• **Task prompt**
Skip the pictures. Transcribe the rest of the data below without changing a word.

• **Material provided**
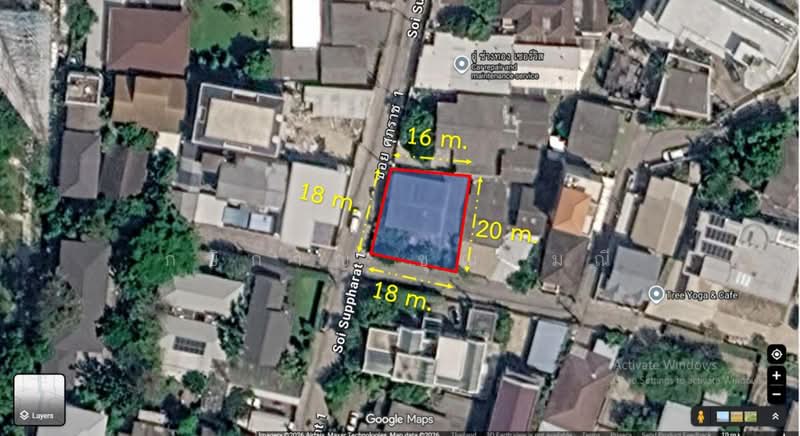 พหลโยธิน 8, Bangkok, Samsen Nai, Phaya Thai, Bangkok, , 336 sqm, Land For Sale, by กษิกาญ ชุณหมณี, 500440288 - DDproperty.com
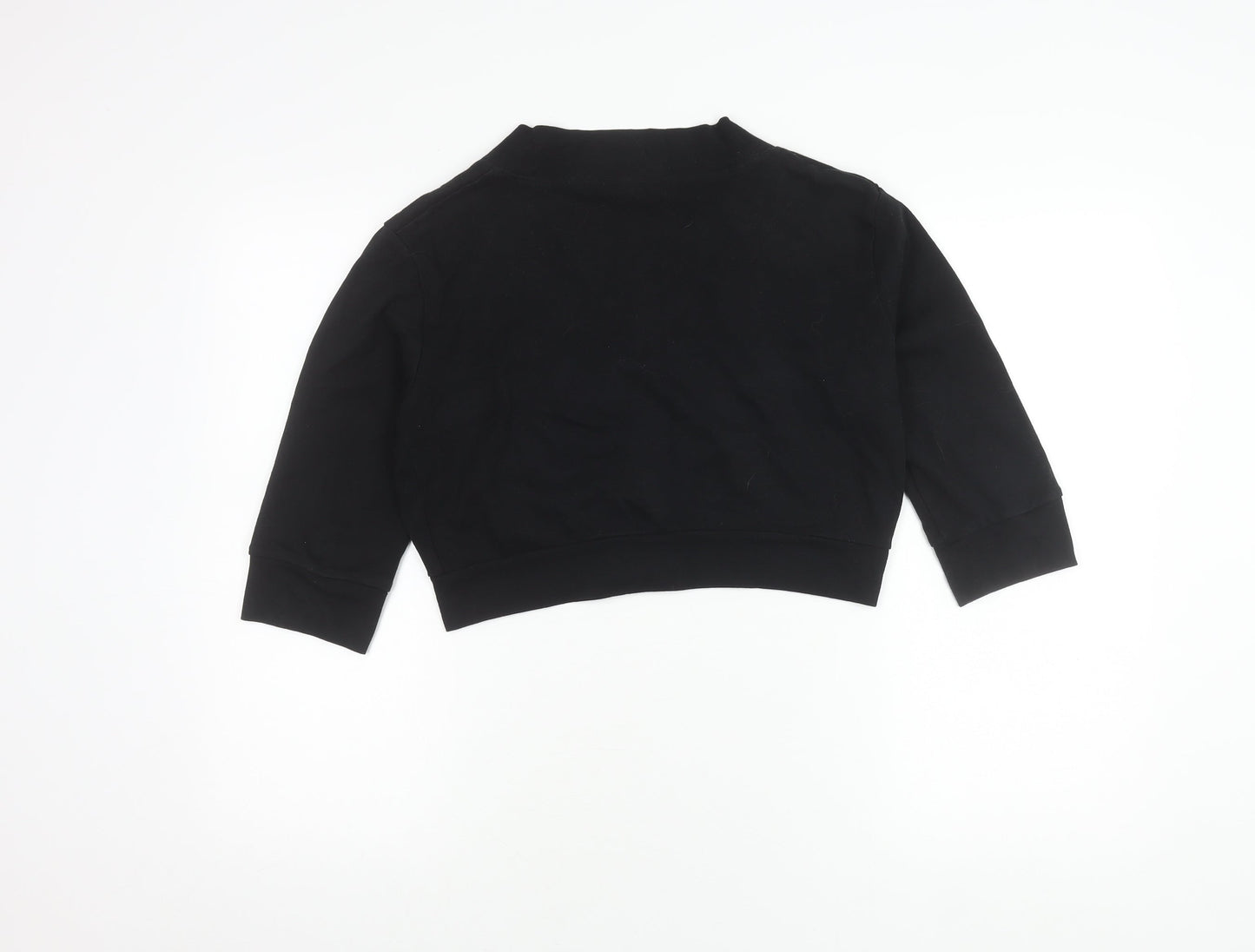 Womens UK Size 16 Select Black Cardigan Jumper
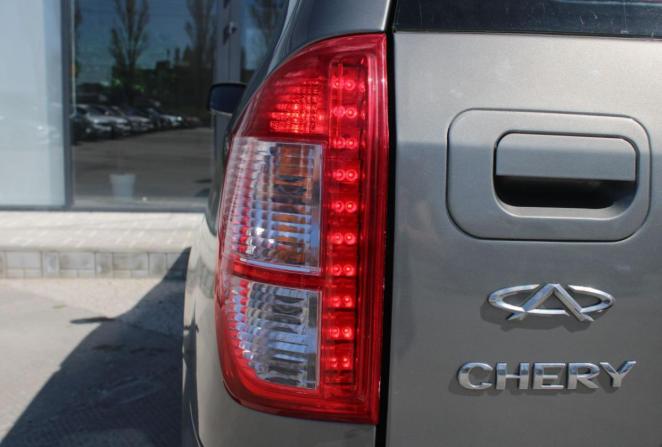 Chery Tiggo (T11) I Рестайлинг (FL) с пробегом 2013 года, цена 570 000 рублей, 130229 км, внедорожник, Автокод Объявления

• **Task response**
 พหลโยธิน 8, Bangkok, Samsen Nai, Phaya Thai, Bangkok, , 336 sqm, Land For Sale, by กษิกาญ ชุณหมณี, 500440288 - DDproperty.com
 Womens UK Size 16 Select Black Cardigan Jumper
 Chery Tiggo (T11) I Рестайлинг (FL) с пробегом 2013 года, цена 570 000 рублей, 130229 км, внедорожник, Автокод Объявления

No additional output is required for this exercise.